ホーム > ホームセキュリティ > 月水金フラッシュニュース > 月水金フラッシュニュース・バックナンバー > セルフ方式のホームセキュリティ
以前、本コラムにおいて、セキュリティを考える場合における「ストーリーの完結性」の重要性について述べ、具体例として「無人の自宅でセンサーが異常を感知したそのあとのストーリー」について触れました。
現在、ホームセンターや家電量販店などに行くと、手軽なホームセキュリティとして、自宅に異常を検知するセンサーを設置し、そのセンサーが侵入などの異常を感知した場合に、携帯電話などのあらかじめ登録した電話番号に自動的に通報がいく、セルフ方式のホームセキュリティが市販されています。今回は、このタイプのホームセキュリティについて考えてみたいと思います。
自宅に泥棒の侵入があり、携帯電話にセルフ方式のホームセキュリティから通報を受け取った状況を考えてみましょう。おそらく多くの人は、情報を受け取った携帯電話で110番に電話しようとするかと思いますが、ここで問題が発生します。
各都道府県警が設置している110番受付センターでは、電話による通報者が本当にその家の住人であるかを確認する方法がありません。誰もその場所にいない状況では、いくら電話の向こうの声が自宅を確認してくれと言っても、裁判所が発行する捜索令状なしでは、警察が個人の住宅敷地に立ち入るのは法的に問題なのです。
また、電気通信事業法の具体的な内容を規定した事業用電気通信設備規則では、その35条の2「緊急通報を扱う事業用電気通信回線設備」の項目で、「緊急通報は、その発信に係る端末設備等の【場所を管轄する警察機関等】に接続すること」と規定しています。
これは、自分の家が東京にあり大阪出張中だった場合、携帯電話に異常発生の通報があったとしても、東京の110番に電話することはできないということを意味しています。加えて、「市外局番+110番」がつながらないことはほとんど知られていません。「110番」というシステムは、基本的に「事件が起きたところにいる人から電話されてくることを前提に作られた社会インフラ」なのです。

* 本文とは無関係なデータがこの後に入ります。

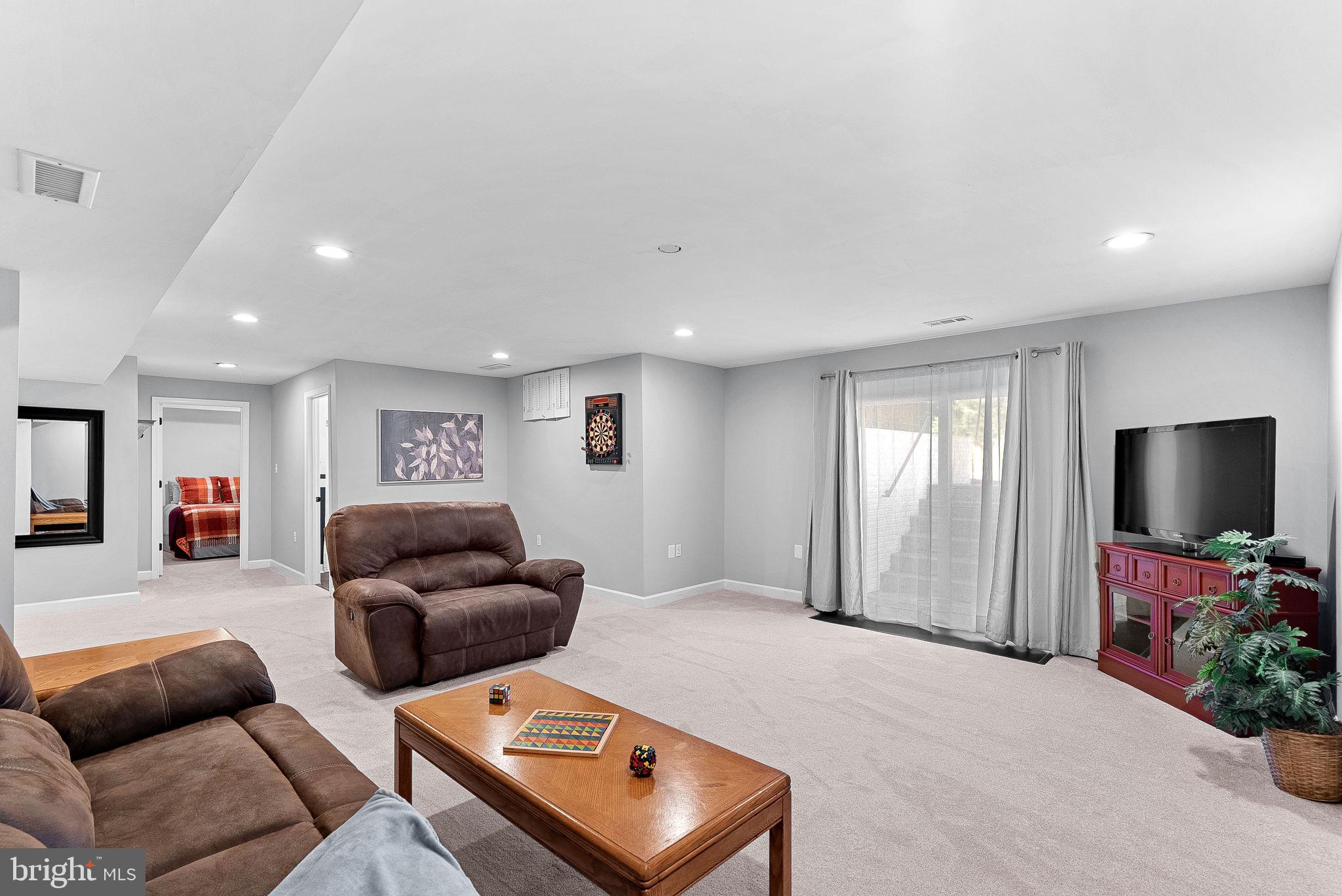 105 BURT COURT NE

セコムの提供しているホームセキュリティサービスでは、センサーが異常を検知したら、緊急対処員が、その家に急行し現場を点検した上で、必要に応じてその地域のセコムのコントロールセンターから110番通報がなされます。従って、これらの問題が発生することはないのです。

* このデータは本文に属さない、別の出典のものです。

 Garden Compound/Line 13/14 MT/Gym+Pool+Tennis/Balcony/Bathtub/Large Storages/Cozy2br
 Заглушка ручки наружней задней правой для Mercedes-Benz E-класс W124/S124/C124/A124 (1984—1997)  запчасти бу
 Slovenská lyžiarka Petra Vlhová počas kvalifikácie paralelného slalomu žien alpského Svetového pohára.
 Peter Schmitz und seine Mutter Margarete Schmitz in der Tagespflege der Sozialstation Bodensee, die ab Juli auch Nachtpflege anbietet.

セルフ方式のホームセキュリティでも、あらかじめ登録した自分の携帯電話に何の通報もないということで、自宅に泥棒の侵入が「起きていない」ということが分かります。現状では、セルフ方式のホームセキュリティは、帰宅時にこれから玄関を開ける自宅に泥棒が入っていないことを確認し、安心してドアを開けるためのツールであり、泥棒が入った事実を知って対応するためのツールではないと理解した方が良いかと思います。
ホームセキュリティというサービスのストーリーを完結させるためには、センサーが異常を検知した際に、その家に急行する人間の存在が必要不可欠です。ホームセキュリティの本質は、緊急対処員が急行することで被害を最小化するというところにあります。十分に訓練を積んだ緊急対処員が常に待機しているというのが、セコムの最大の強みとなっています。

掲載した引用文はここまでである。